The setup below produces a sparse, float16 hybrid on top of Llama-2-13B using TIES selection rather than full blending. Global parameters
enable normalize=True
(scale alignment) and int8_mask=True
(efficient sparsity masking). Per-model controls set what fraction to keep (density
) and how strongly to scale (weight
), optionally varying by layer or module:
- Orca Mini v3
density=[1, 0.7, 0.1]
(keep most early, little late),weight=1.0
. - Platypus2
density=0.5
,weight=[0, 0.3, 0.7, 1]
(growing influence with depth). - WizardLM
density=0.33
,weight=[{"filter":"mlp","value":0.5},{"value":0}]

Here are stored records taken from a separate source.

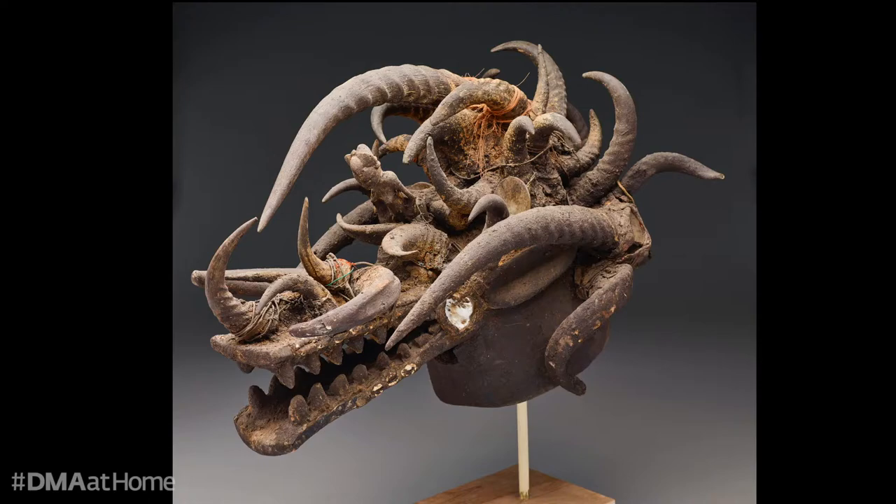Hello and welcome to Break for Art. My name is Sarah Greenberg and I am the manager of adult programs at the DMA. Today we're going to take a few minutes to look closely at the Senufo helmet mask from the mid-20th century.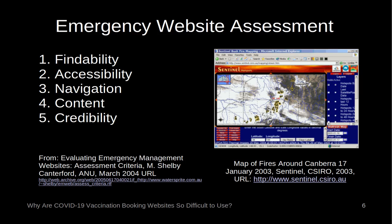Emergency Website Assessment. In 2005 I supervised Shelby Canterford, then a student at the Australian National University, undertaking a project on how to design credible emergency websites. From this, a set of emergency management website assessment criteria was produced, out of frustration with the poor quality of emergency websites produced by local and federal governments in response to bushfires. Australian government COVID-19 vaccination web pages for 2021 rate well on these criteria, except for navigation and content. Users can find the pages and read them, but not find the information they really need: how to get a vaccination.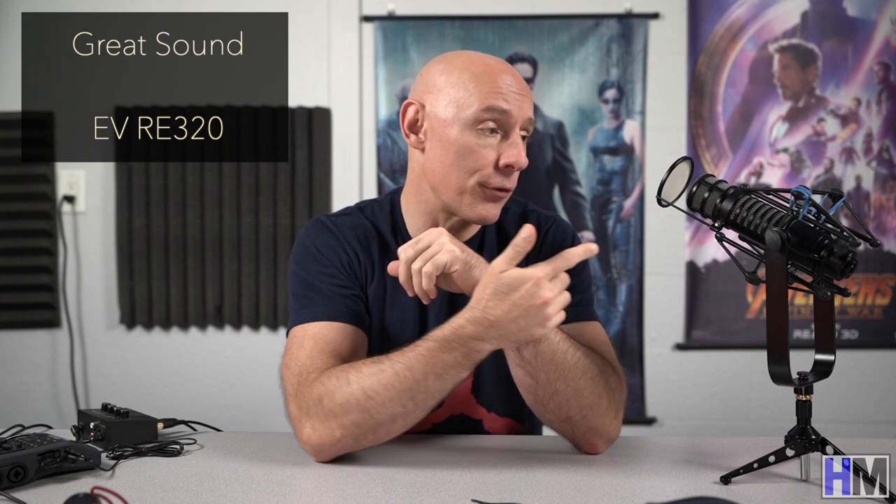No surprises here. The Electro-Voice RE320 is the best sounding mic of the group — as it should be at $300. I bought it specifically for my show Stop Hamilton. This isn't a mic that can connect directly to a smartphone or most cameras because it does require XLR connectors. While many people use Rode's Procaster line or Shure's SM7B, I personally prefer the RE320 because I think it sounds amazing right out of the box. I even prefer the RE320 to EV's legendary RE20.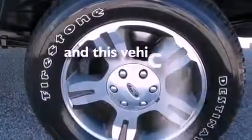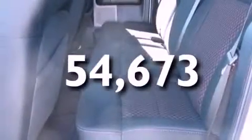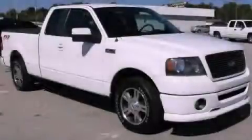This vehicle has fewer than 55,000 miles on the odometer. Contact us today to schedule your opportunity to see this automobile in person.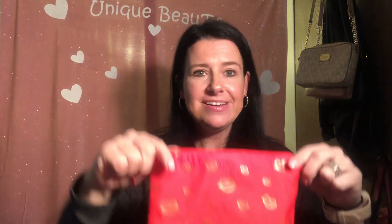And then there's also the bag — I think it's really cute. I love Valentine's Day so much. So yeah, I think that sums it up.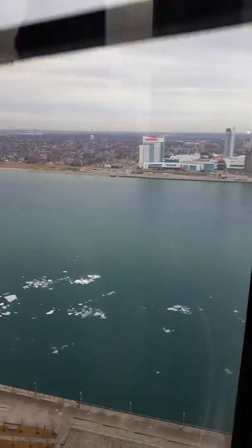Look over there — the bridge. I'm going to point you to the bridge. The bridge.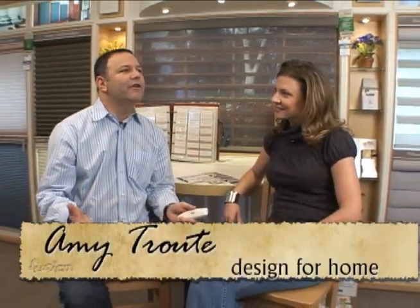Hi, Amy. Hi. Amy Trout, Design for Home. And Amy, we're sitting here in a store filled with window coverings. I remember when I built my home, so many choices that I had no idea where to begin. Where do you begin?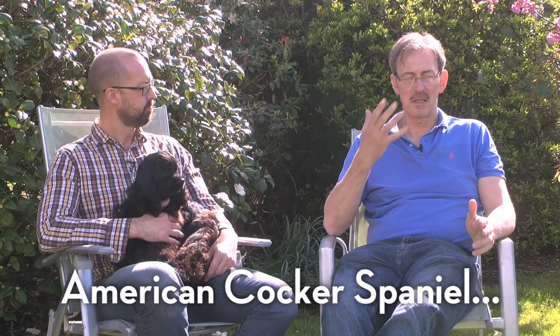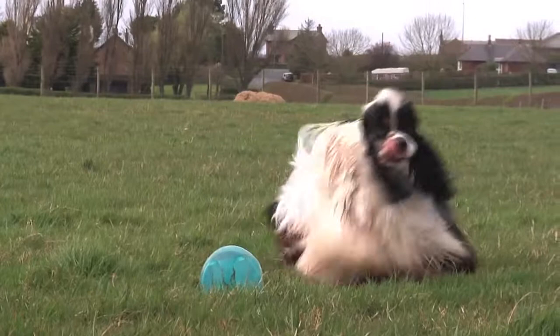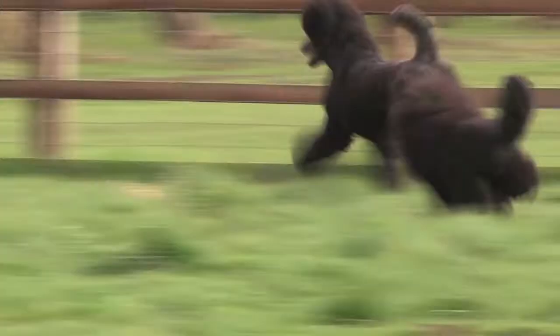Dogs which had a slightly shorter foreface, a little bit more hair, a slightly sloping topline and a little bit more height at the withers became Cockers. Yeah, absolutely, and the word 'merry' is in the standard for the breed. I think if you could sum them up in one word it would be just that — it would be merry.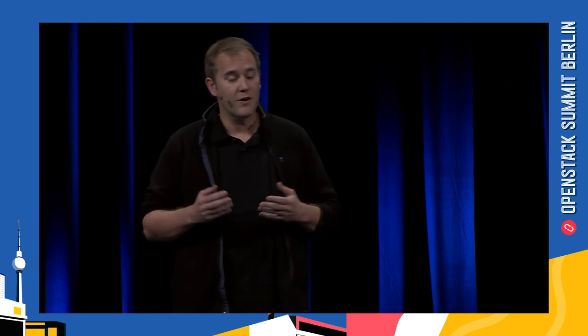We initiated Airship upstream on GitHub in 2017, starting with an application to declaratively workflow large collections of Helm charts, moving on to deploying Kubernetes on bare metal infrastructure, and filling in all the other orbiting sub-projects that make Airship what it is today. We brought this collection of Airship services to the OpenStack Foundation as a pilot project at the Vancouver Summit, and today our announcement is really all about introducing our 1.0 release candidate.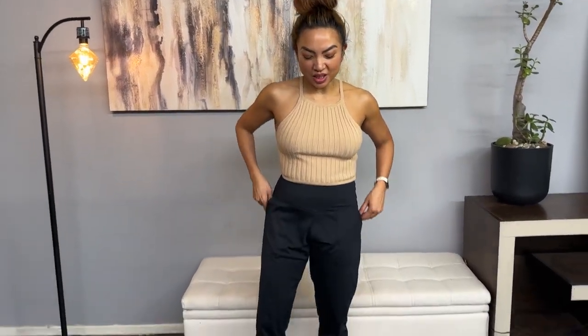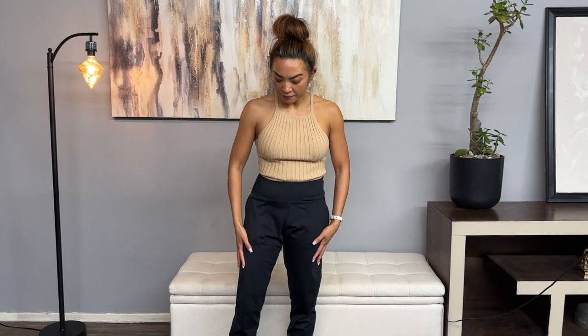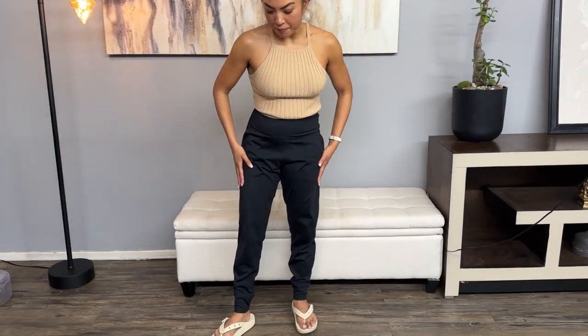These pants are such an awesome find. I was just wanting some comfy pants that I could throw on, because I just be wearing sweatpants all the time. So I wanted something a little more presentable, and this definitely does the job. It feels like butter on me — the fabric is so comfortable.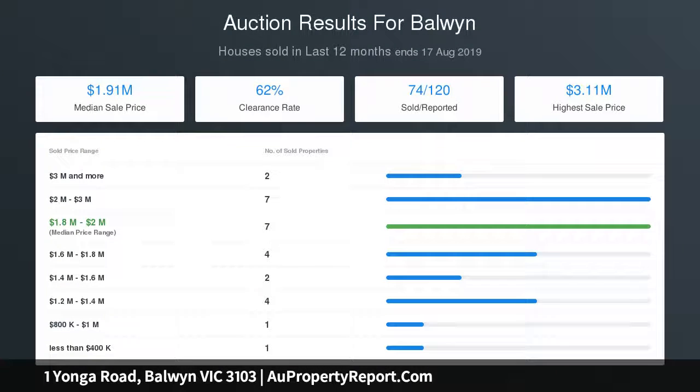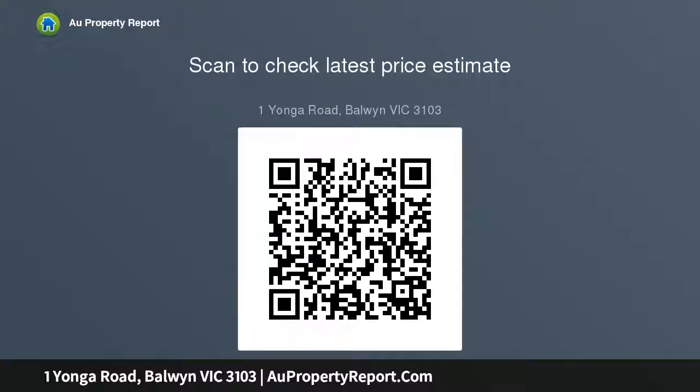Downstairs, overlooking the leafy garden, is the main bedroom with en-suite. An executive study or sixth bedroom sits conveniently off the inviting entrance hall that leads to a large formal zone with jet master gas fireplace and bi-fold doors, a stylish bathroom, family living and dining area, and a Smeg-appointed stone kitchen, plus a generous lounge room.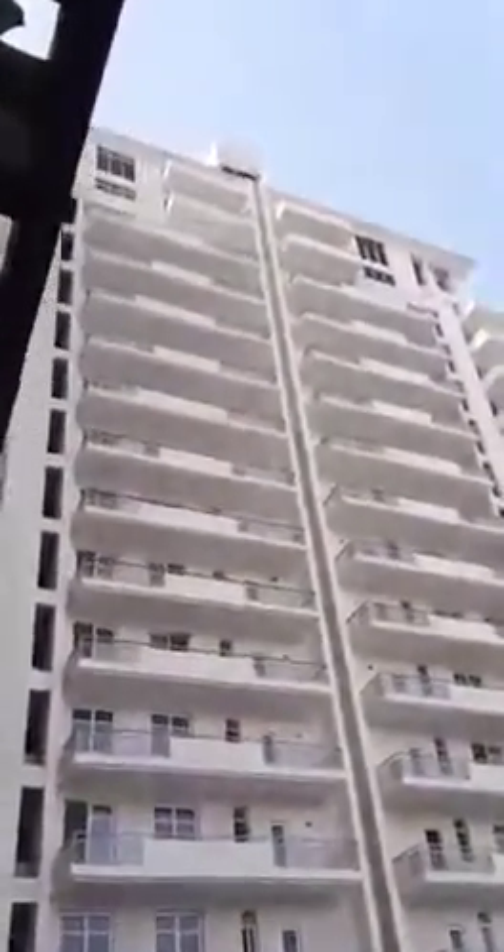I will just show you the elevation of the building as well. There you can see another duplex cum penthouse on the top. Thank you.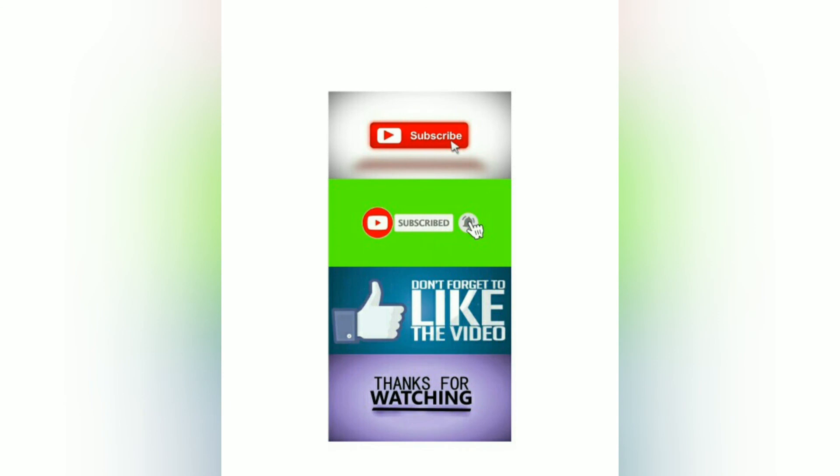Thank you for watching my video till the end. If you liked this video, do hit the like button, comment, and share this video as much as possible, and also subscribe to my channel. See you in the next video.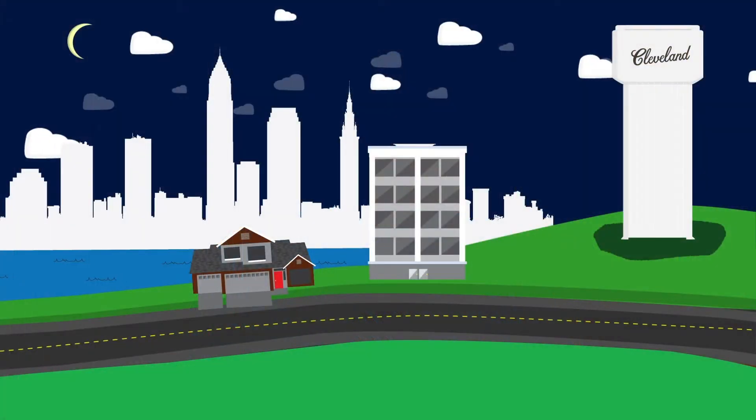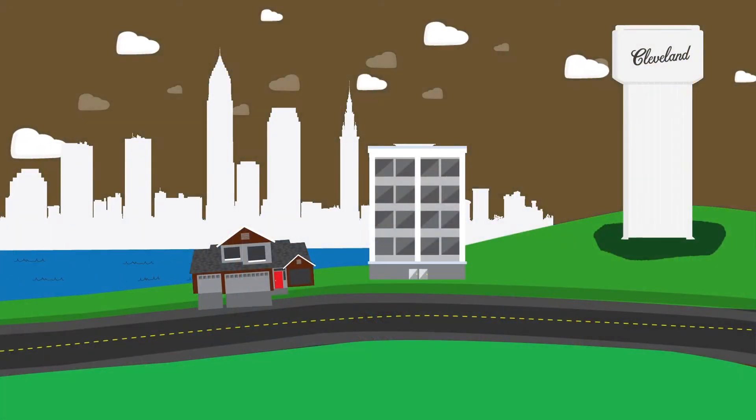A water tower does a couple things for us. Primarily, it evens out the load, if you will. It balances pressures. Without storage, you'd have a locked system or a closed system, and it would be susceptible to pressure spikes or swings. A tower allows the pressure to be very even throughout the day.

(only MLPs contribute at 0.5; others ignored).
The result is a model that retains the strongest weights from each source with layer-/module-aware sparsity and scaling.
Note: TIES merging can be computationally intensive to run.
ties_merge_config = {
"merge_method": "ties",
"dtype": "float16",
"base_model": "TheBloke/Llama-2-13B-fp16",
"parameters": {
"normalize": True,
"int8_mask": True,
},
"models": [
{
"model": "pankajmathur/orca_mini_v3_13b",
"parameters": {
"density": [1, 0.7, 0.1],
"weight": 1.0,
},
},
{
"model": "garage-bAInd/Platypus2-13B",
"parameters": {
"density": 0.5,
"weight": [0, 0.3, 0.7, 1],
},
},
{
"model": "WizardLMTeam/WizardLM-13B-V1.2",
"parameters": {
"density": 0.33,
"weight": [
{"filter": "mlp", "value": 0.5},
{"value": 0},
],
},
},
],
}
ties_merge = MergeKit(
config_dict=ties_merge_config,
out_path="./mergekit_models/llama-orca-platypus-wizard-blend-ties",
trust_remote_code=True
)
ties_merge_pipeline = SteeringPipeline(
lazy_init=True,
controls=[ties_merge],
device="cuda"
)
ties_merge_pipeline.steer()
tokenizer = ties_merge_pipeline.tokenizer
inputs = tokenizer(prompt, return_tensors="pt", padding=True, padding_side="left")
gen_params = {
"max_new_tokens": 500
}
steered_response = ties_merge_pipeline.generate_text(
inputs.input_ids,
**gen_params
)
print("Response (TIES merge):\n", *steered_response)
Fetching 11 files: 100%|████████████████████████| 11/11 [00:26<00:00, 2.37s/it] Fetching 10 files: 100%|████████████████████████| 10/10 [02:20<00:00, 14.04s/it] Warmup loader cache: 100%|████████████████████████| 4/4 [02:46<00:00, 41.68s/it] Executing graph: 100%|██████████████████████| 2543/2543 [41:24<00:00, 1.02it/s] Loading checkpoint shards: 100%|██████████████████| 6/6 [00:41<00:00, 6.98s/it]
Response (TIES merge): James Monroe was the fifth president of the United States. He served from 1817 to 1825.
# optional cleanup
import shutil
shutil.rmtree("./mergekit_models/llama-orca-platypus-wizard-blend-ties")